1) Red Wing Looks Better
We’re being completely superficial here, but there’s nothing wrong with prioritizing aesthetics in your apparel. As a fashion-focused boot, Red Wing Heritage’s moc toe looks a lot better. The proportions are more urban-friendly. It’s lower profile than the Irish Setters because it doesn’t have that waterproof membrane or hardened toe, plus the leather is higher quality, looks better, and will age better.
2) Red Wing Has More Colors and Leathers
Red Wing Heritage has a wider range of colors and leathers available because, of course, it’s more of a fashion boot. Irish Setter has mostly orange or brown, while Red Wing also offers greys, blues, yellows, and reds — in both full grain and roughout — depending on the time of year and availability.
[Related: The 5 Best Moc Toe Boots On the Market]
3) Red Wing Breathes Better
On the note about the waterproof membrane, it’s worth emphasizing that the Red Wing Heritage boot breathes much better because the upper is just unlined leather.

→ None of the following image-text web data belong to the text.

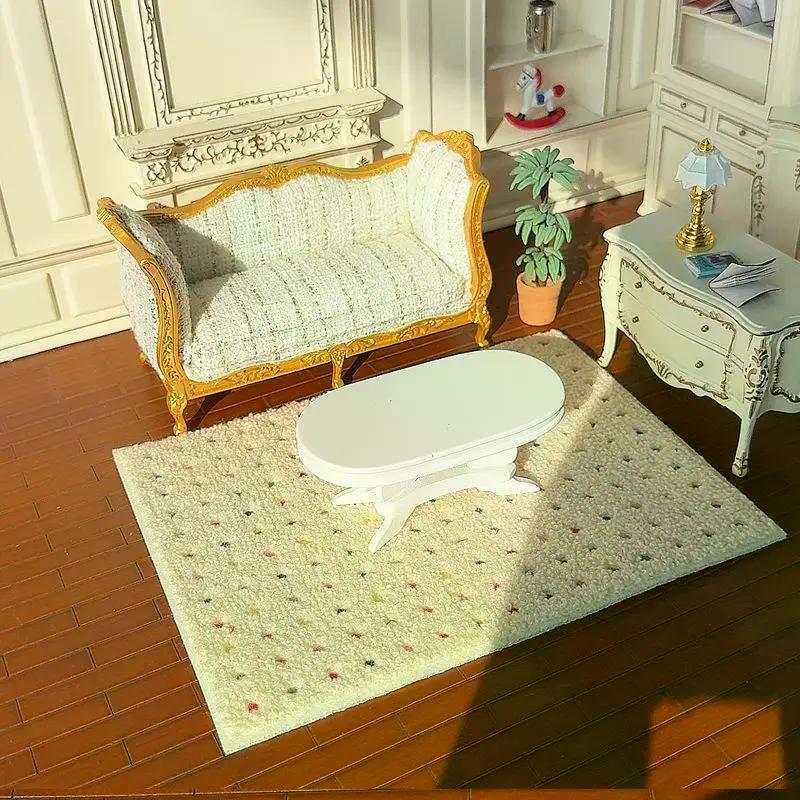 Miniature Plush Carpet Fluffy Mat Model 1: 12 Dollhouse Photography Prop Kids Pretend Play Toys Doll House Mini Decoration Gifts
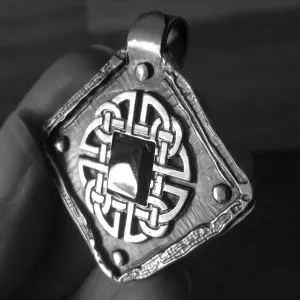 Mens Shield Celtic Knot Necklace, Handmade Solid Silver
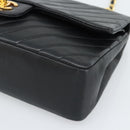 CHANEL V stitch Chain Shoulder Bag Lamb Skin Black Gold CC Auth 189090M-10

If you have sweaty feet, you might want to think twice about getting a waterproof boot if you don’t really need one. The waterproof lining is only breathable to a degree, whereas the unlined leather is much more breathable.
4) Red Wing’s Insole Is Better
The vegetable-tanned leather footbed in the 875 is more durable than the removable polyurethane one on the Wingshooter ST, which will eventually need replacing.
5) Red Wing’s Leather Is Higher Quality
The leather is of higher quality in Red Wing Heritage boots. The Irish Setter’s is embossed with a fake “skin” pattern, whereas the 875’s leather is thicker, tougher, and looks better with time.
Here it’s worth noting that we don’t know where the leather on Irish Setters comes from, while all of Red Wing Heritage’s leather comes from their tannery right in Red Wing, Minnesota.
6) Red Wing Heritage is Made in the USA
None of the Irish Setter boots are made in America. Most, including the Wingshooter ST, are made in Vietnam. All of Red Wing Heritage’s footwear is made in Minnesota.
Some consider this the most important difference between the two. If you like the Red Wing brand because of that old-fashioned Americana ethos, Irish Setter might put you off.
[Related: The Best American Made Boots You Can Buy]
Who Should Wear the Irish Setter Wingshooter ST Work Boots?
- Guys who want a boot that meets common safety standards
- People who need a waterproof boot (more than a breathable one)
- Men on a budget
Who Should Wear the Red Wing Heritage Moc Toe
- Folks who want a boot that’s made in America
- Anyone who wants to resole their boot; the Red Wing heritage boots are Goodyear Welted.
- Guys who want more leathers and colors to choose from
- People who aren’t wearing their boots on factory floors
So that’s it. Both boots are superb, but for vastly different reasons. Which one is right for you depends completely on what you want from a boot!